How Turkish media is threatened

How Turkish media is threatened

Daily Hürriyet (in Turkish) recently had a phenomenal letter on its first page titled, “We call on the esteemed president.” The President, of course, was Tayyip Erdoğan and the reason for the letter was Erdoğan’s recent condemnation of Hürriyet as a conspirer of a “coup” against him. The “evidence” for this heinous plot was nothing but a headline daily Hürriyet used two days before to report the death sentence given to Egypt’s overthrown president, Muhammad Morsi. 

The Hürriyet headline read: “The world is in shock: Death sentence to president who was elected with 52 percent of the votes.” Any reasonable person would wonder what this headline had to do with Turkey.

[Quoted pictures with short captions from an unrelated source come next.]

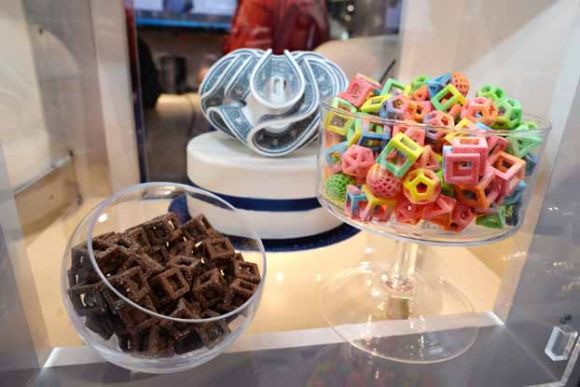 10 способов использования 3D-печати, которые могут изменить мир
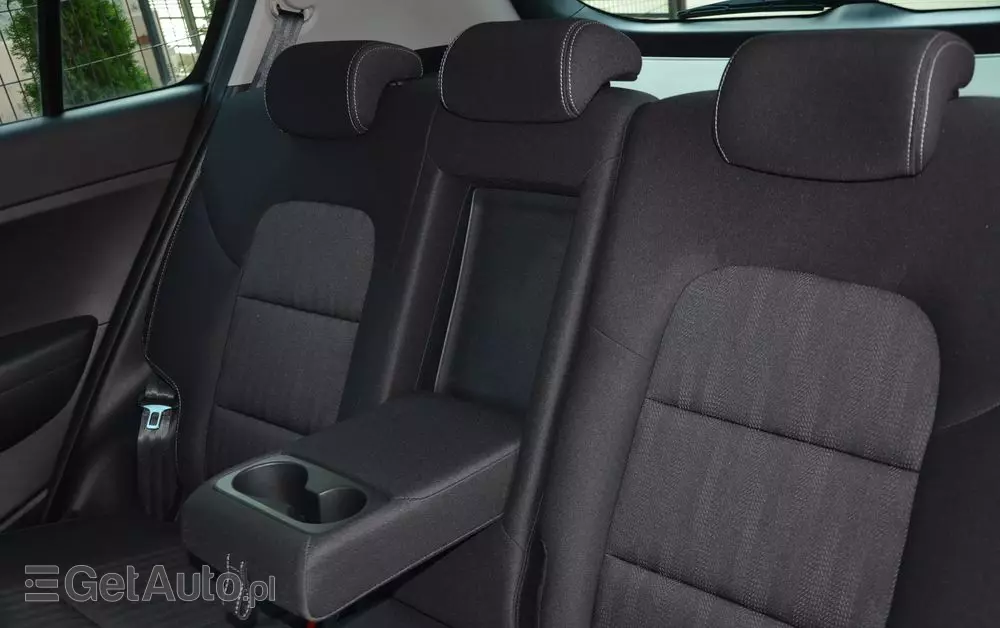 KIA Sportage 1.7 CRDI M 2WD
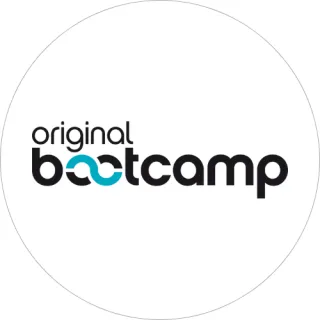 Original Bootcamp - Theresienwiese logo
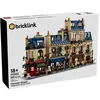 Image de Bricklink Parisian Street Rue de Paris - 910032 NOUVEAU! Pièces 3532x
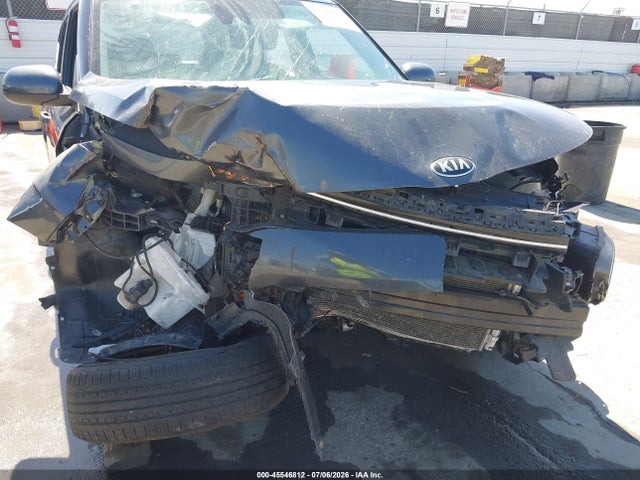 KIA SOUL S 2021 KNDJ23AU7M7777094 Image 6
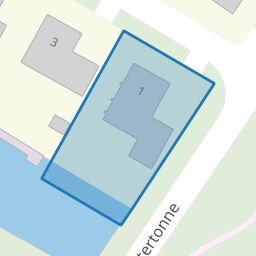 Perceel OTZ00-I-3614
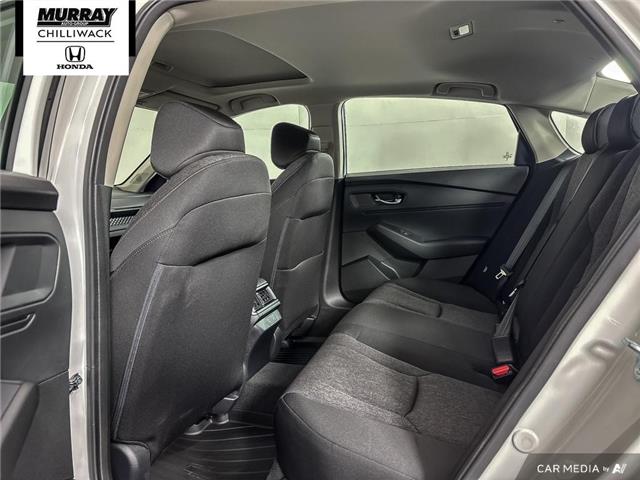 2025 Honda Accord SE (Stk: 25H271) in Chilliwack - Image 30 of 32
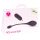 You2Toys RC Love Ball - Ladattava Langaton Värinäpallo (violetti)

But for President Erdoğan, Prime Minister Ahmet Davutoğlu and their party, the “evidence” was clear: Erdoğan was elected with 52 percent of the votes in August 2014, so Hürriyet was in fact implying that the same fate awaits Erdoğan!

That is why both Davutoğlu and Erdoğan slammed Hürriyet in their rallies as a “coup conspirer.” The same line was promoted in the pro-Erdoğan media, as Hürriyet, and the Doğan Group it belongs to, was condemned as a treacherous enemy. A pro-Erdoğan “journalist” went further and vowed: “The Doğan Group will never be able to do any business as long as they are at war with the STATE.” (Capitals were in the original, and were a sign of the new state-worshipping Turkey’s Islamists developed soon after dominating the state.) 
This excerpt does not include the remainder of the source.